If you want to remove the memory limit only for a specific PHP script, you can use the ini_set() function instead of modifying the global php.ini file.

Example: Set memory_limit = -1 in a PHP Script

Add this line at the beginning of your PHP script:

<?php
ini_set('memory_limit', '-1');

// Example: Process large data
$data = str_repeat("A", 1024 * 1024 * 100); // 100MB of data
echo "Memory Limit Set to: " . ini_get('memory_limit');
?>

What This Does:

  • ini_set('memory_limit', '-1'); removes all memory limits for this script only.
  • ini_get('memory_limit'); confirms that the limit has changed.

Verify the Change

Run the script and check the output. It should display:

Memory Limit Set to: -1

Alternatively, use:

<?php
echo "Current memory limit: " . ini_get('memory_limit');
?>

When to Use ini_set('memory_limit', '-1')
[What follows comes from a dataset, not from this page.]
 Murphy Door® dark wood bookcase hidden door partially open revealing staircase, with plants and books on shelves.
  • Best for temporary needs (large file processing, database queries, backups).
  • Good for CLI scripts where you have control over execution.
  • Not recommended in production unless necessary (it may cause excessive memory use).
  • Does not work if memory_limit is set in php.ini with PHP_INI_SYSTEM (some shared hosts enforce limits).
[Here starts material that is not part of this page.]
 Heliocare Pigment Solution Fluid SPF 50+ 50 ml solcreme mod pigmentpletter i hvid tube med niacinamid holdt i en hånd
Alternative: Set a High Memory Limit Instead

Instead of removing the limit, set a higher value:

ini_set('memory_limit', '512M'); // 512MB
ini_set('memory_limit', '2G'); // 2GB

Use in CLI Mode (Command Line Execution)

If you are running a PHP script via the command line, you can pass the memory limit directly:

php -d memory_limit=-1 script.php
  • Use ini_set('memory_limit', '-1'); inside PHP scripts to allow unlimited memory for that script only.
  • It is safer than modifying php.ini globally.
  • Monitor memory usage to avoid crashes.